#### DATA

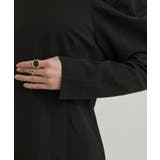 【洗える】タックボリュームスリーブカットソー | VIS  | 詳細画像27 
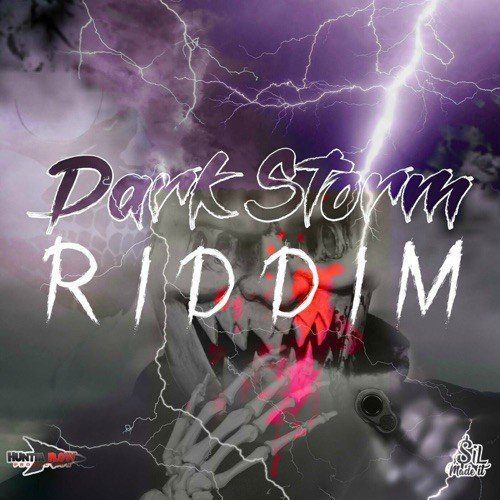 dark storm riddim - huntta flow production
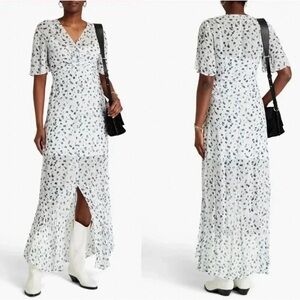 Rag & Bone Tamar Floral Dress, Size 4 - NWT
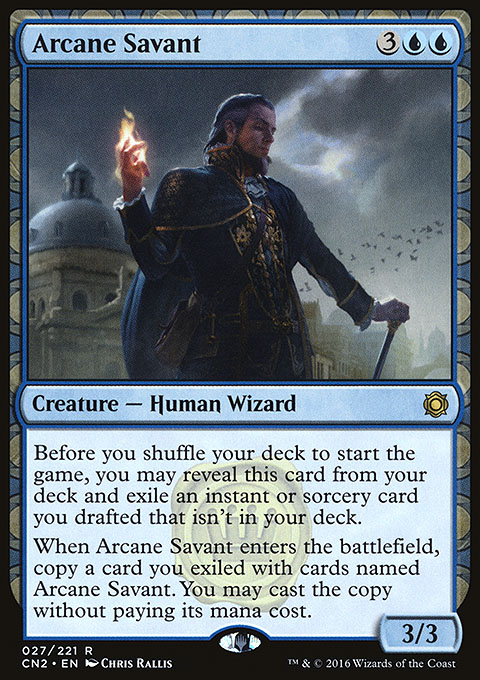 Arcane Savant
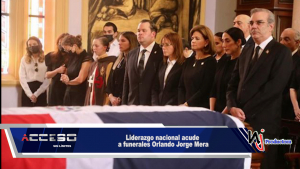 Liderazgo nacional acude a funerales Orlando Jorge Mera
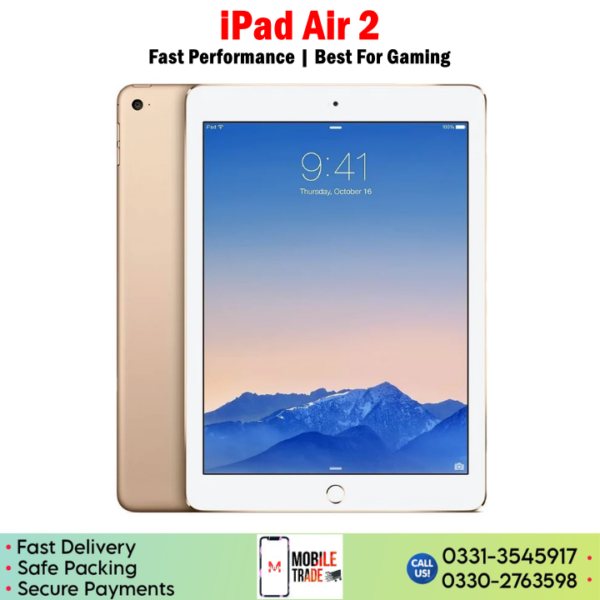 iPad Air 2 Price In Pakistan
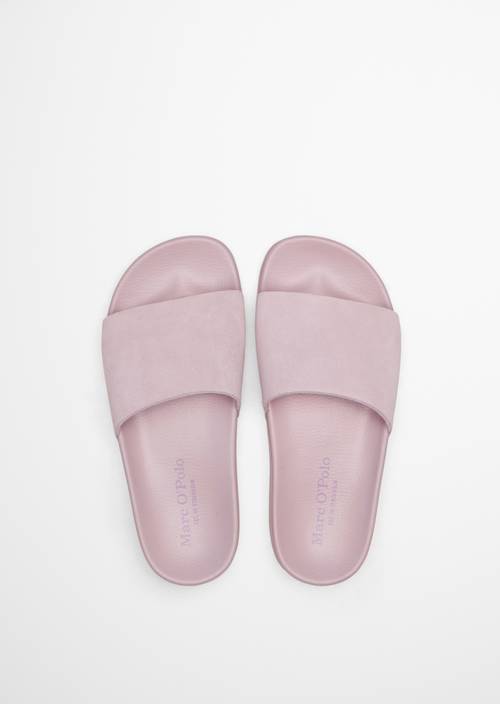 Pantolette Model Erica Dried Rose in Ansicht von oben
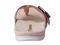 Spenco Sierra Leather Thong Arch Supportive Sandal - Pale Blush - Side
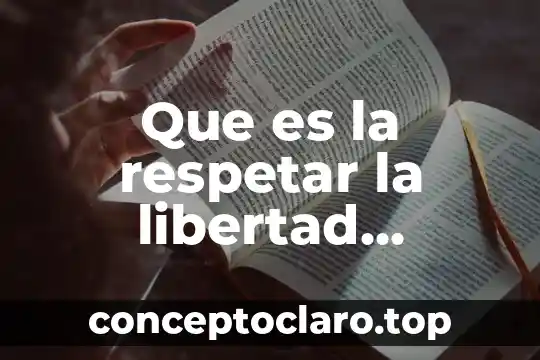 Que es una terminal en un aeropuerto 7 Que es la respetar la libertad cultural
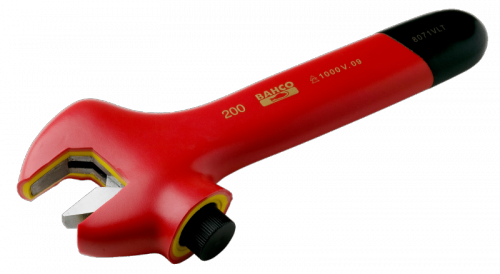 Klucz nastawny izolowany 10&quot;, max. otwarcie 34 mm 8072VLT BAHCO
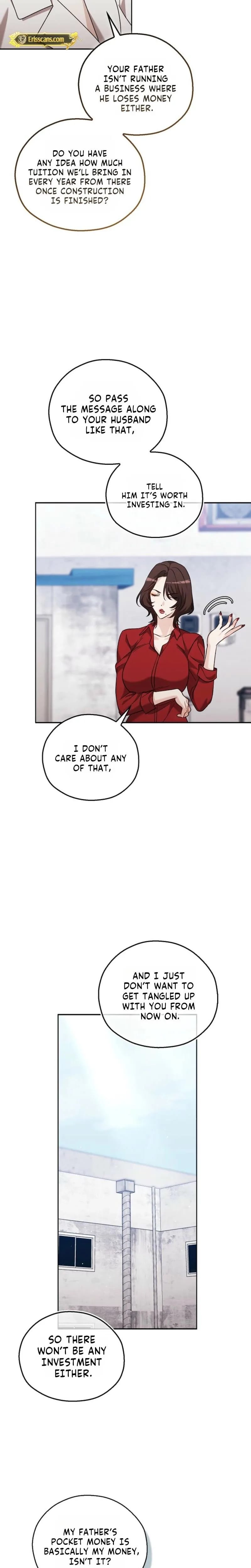A Fighting Dog's Way of Courtship (Uncensored), chapter 38, page 10 of 26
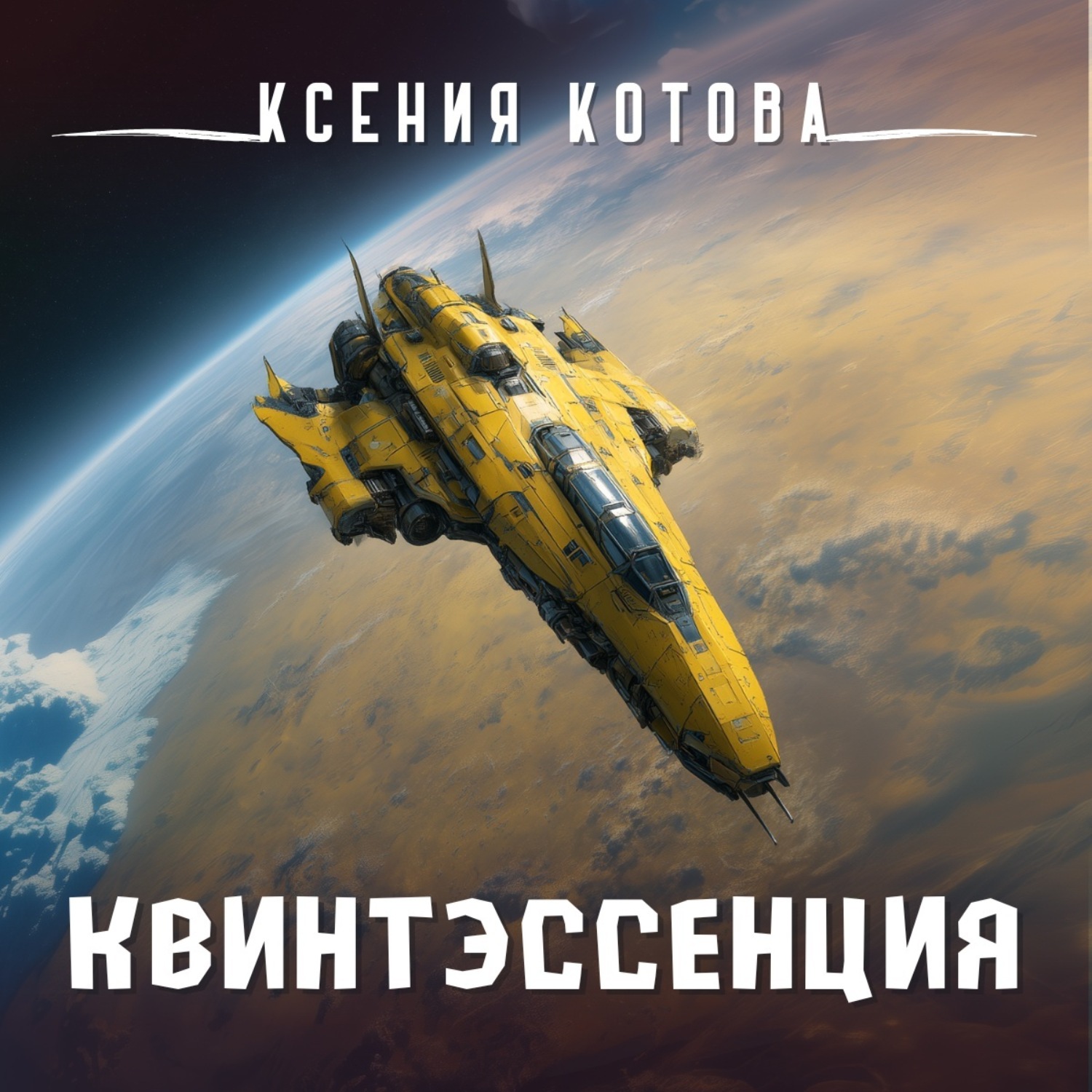 Обложка книги «Квинтэссенция»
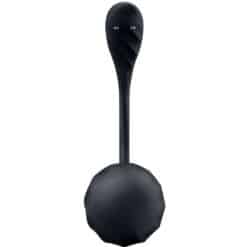 SATISFYER - RIBBED PETAL ESTIMULADOR PUNTO G CONTROL REMOTO NEGRO APP GRATUITA - piKanteo | Despierta tu lado más piKante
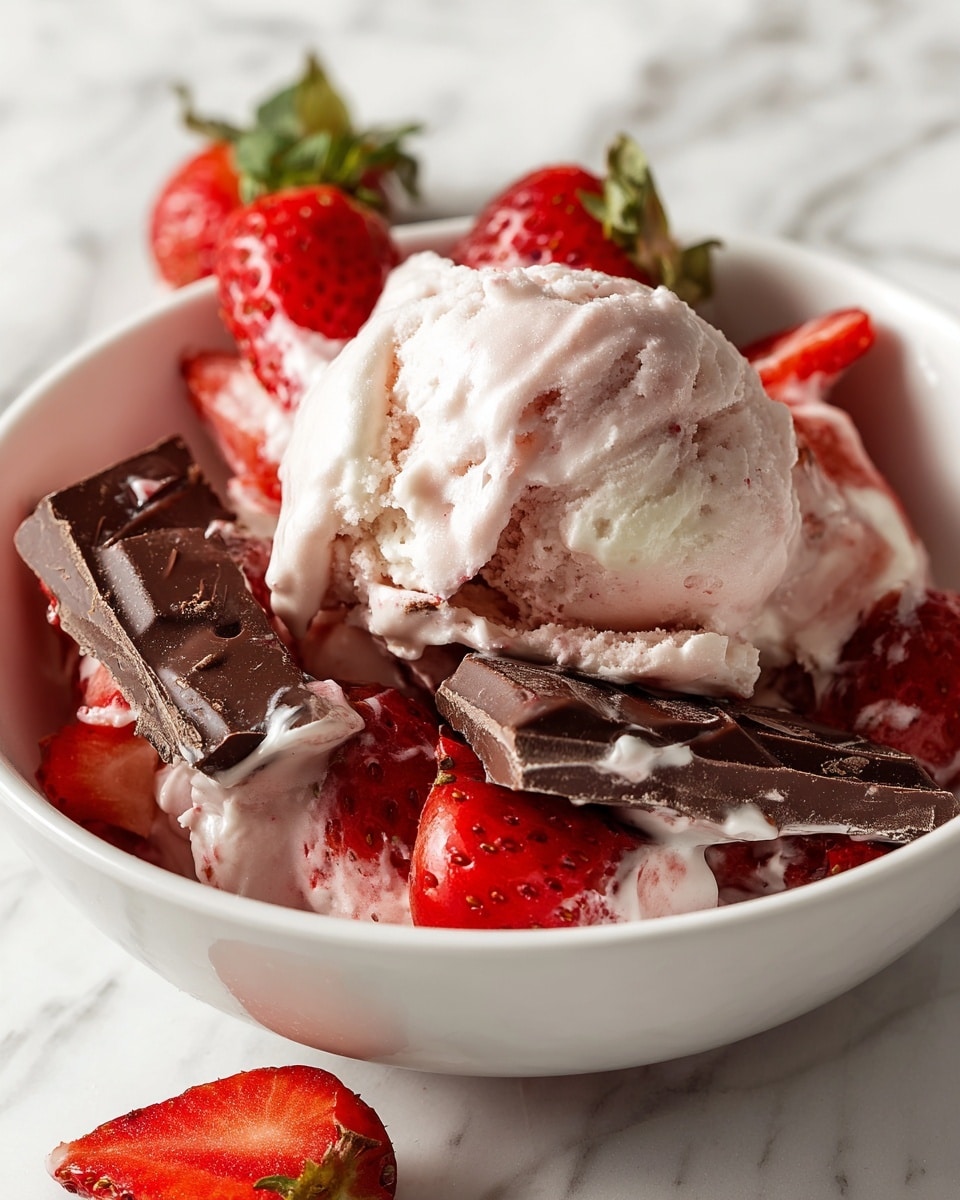 Chocolate Strawberry Yogurt Clusters Recipe - Recipe Image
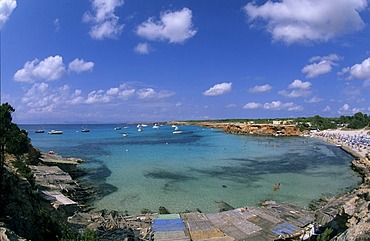 Formentera Cala Saona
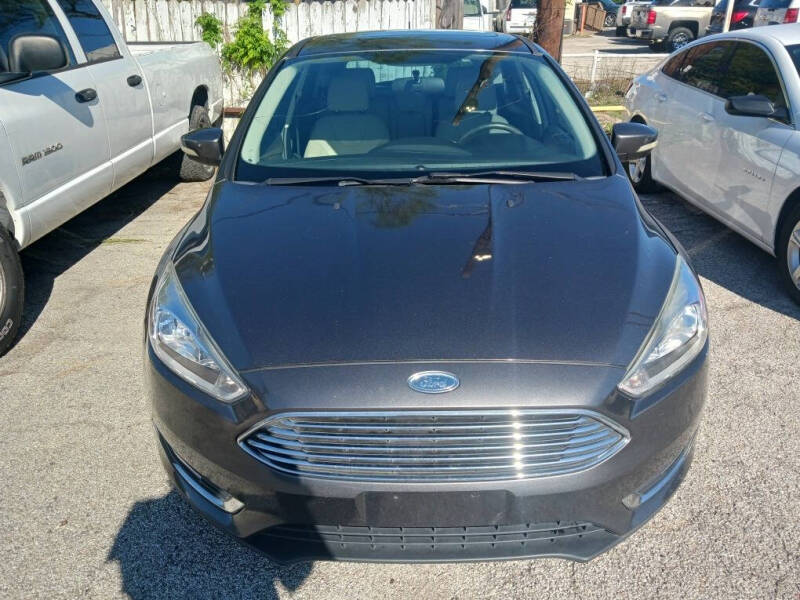 2018 Ford Focus Titanium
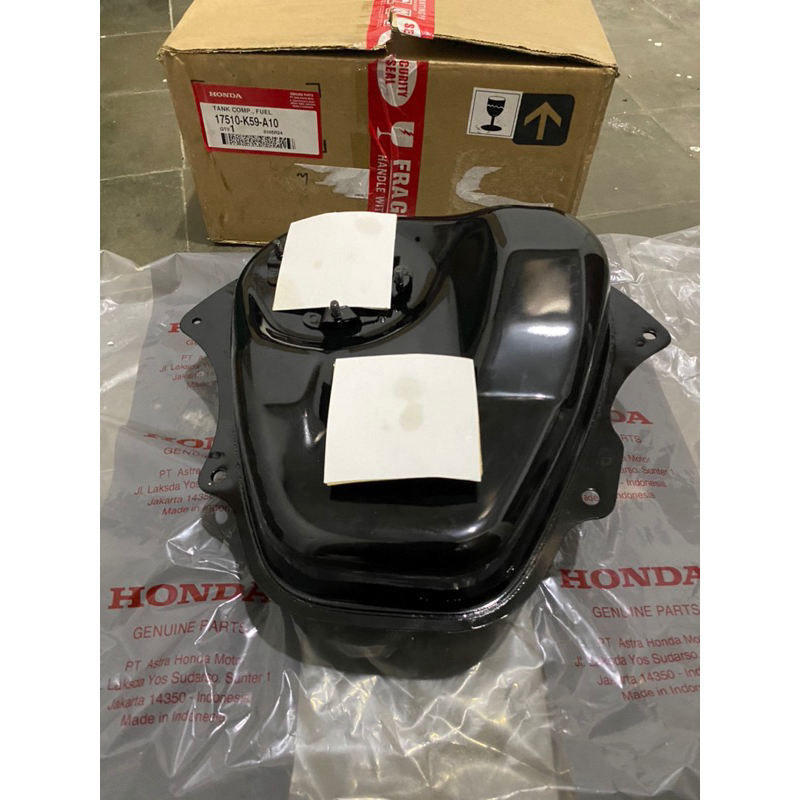 17510k59a10 Tangki Bensin Fuel Tank Vario 125 150 ESP LED Original AHM 17510-K59-A10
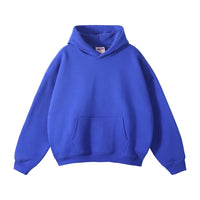 Origin 350gsm Essentials Plain Baggy Hoodie — dettaglio della stampa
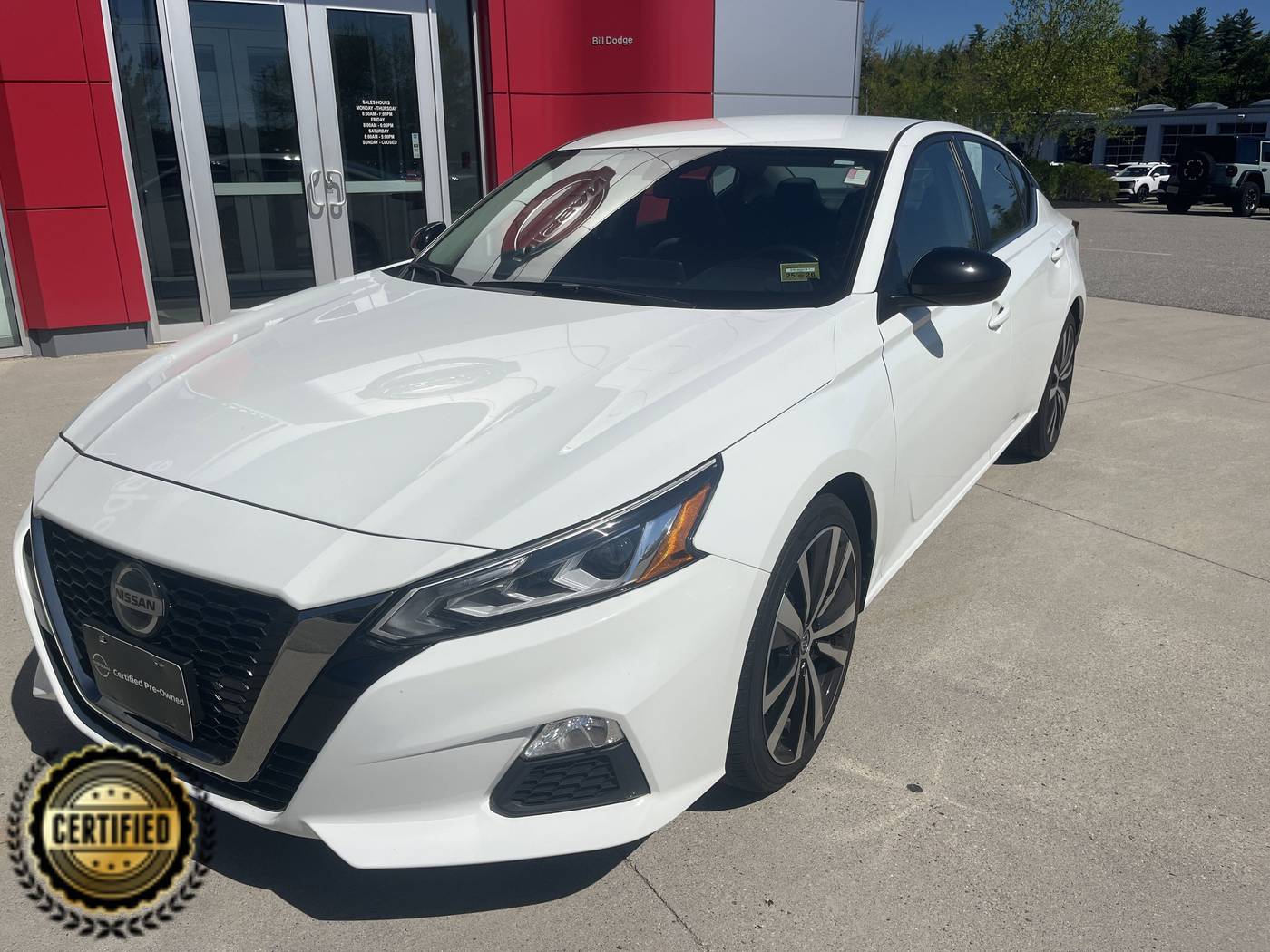2022 Nissan Altima SR — Sedan — 55,763 mi — Saco, ME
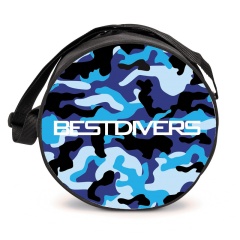 Borsa per erogatore Best Divers Blu Camo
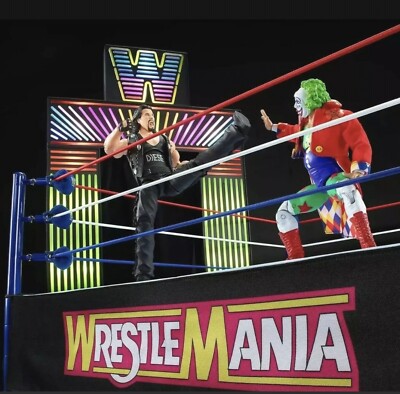 MATTEL CREATIONS WWE Ultimate Edition New Generation Arena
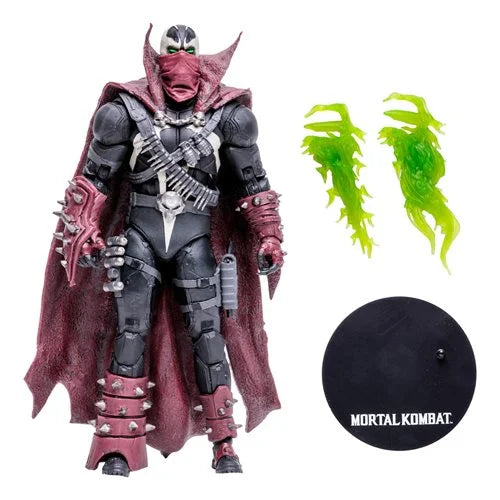 McFarlane Toys Mortal Kombat Wave 9 Commando Spawn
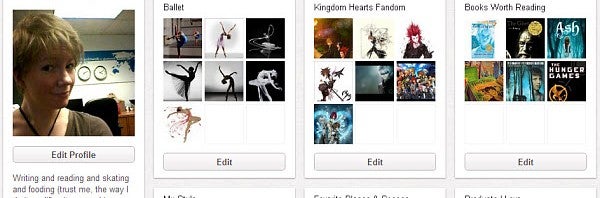 Share images and more online with Pinterest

########

### EXERCISE DESCRIPTION
The copy should begin at the line containing "MATTEL CREATIONS WWE" and end at the last line of the data above; please restate those lines word for word without the pictures.

### EXERCISE RESULT
 MATTEL CREATIONS WWE Ultimate Edition New Generation Arena
 McFarlane Toys Mortal Kombat Wave 9 Commando Spawn
 Share images and more online with Pinterest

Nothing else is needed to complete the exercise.